Opening the front door, warm air wafts out with a garlicky smell and cheerful conversation. In the small hall, tables are cleverly set in order to accommodate as many guests as possible.
On virtually every table is a bowl of garlic mushrooms, which seems to be the origin of the smell. Guests enjoy poking the mushrooms with a fork and dipping a piece of baguette into boiling oil, exactly as Goro did on TV.
For a main dish, oyster is a must-have. Staff busily go in & out of the door to catch live oysters stocked outside.
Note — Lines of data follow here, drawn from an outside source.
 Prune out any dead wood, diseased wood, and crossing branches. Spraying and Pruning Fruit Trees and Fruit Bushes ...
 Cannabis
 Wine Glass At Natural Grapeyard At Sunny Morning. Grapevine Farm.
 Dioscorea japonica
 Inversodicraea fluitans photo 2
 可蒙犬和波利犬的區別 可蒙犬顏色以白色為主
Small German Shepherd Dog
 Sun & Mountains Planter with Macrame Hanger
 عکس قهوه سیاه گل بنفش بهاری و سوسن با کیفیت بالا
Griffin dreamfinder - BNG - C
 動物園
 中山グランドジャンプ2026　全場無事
Among many choices such as oyster cocktail, fried oyster, oyster coquille, how about picking oyster gratin, trusting Goro's choice?
From the depth of the gratin bowl, digging out large oysters is so thrilling, and the taste of ocean flavour concentrated in the meat is so heavenly.
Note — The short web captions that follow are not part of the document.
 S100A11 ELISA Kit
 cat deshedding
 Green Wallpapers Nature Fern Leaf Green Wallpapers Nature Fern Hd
Enticing dishes line up on the menu and you can't help ordering them from top to bottom. A bottle of wine is empty before you know it and your heart and stomach are already fully warmed up.
On the corner of a narrow street along TORANOMON station is a Western style "Yoshoku" restaurant called HEIGORO. This is such a small place that it accommodates very few guests, who form a long queue every lunch time, which makes bookings for dinner very competitive.
This restaurant was also featured by Solitary Gourmet on its New Year's Eve special programme in 2020. Goro stopped by here for lunch and ordered fried shrimp and crab cream croquette. He highly praised the croquette, particularly because it matched well with homemade demi-glace sauce.
The sauce originated in an established restaurant, ALASKA, where the owner worked for years. Now it is used in many dishes, even (uniquely) in baked escargot.
His professionalism is notably expressed in a simple dish like plain omelette. Perfectly smooth surface and fluffy filling is well worth trying. Something else like fried oyster, chicken pilaf or spaghetti meat sauce are on its blackboard. All dishes are very classic Yo-shoku and no Japanese can resist them.
As such this restaurant had been supported by many regulars, but I heard it recently closed due to the area redevelopment. I hope this charming restaurant reopens somewhere else soon.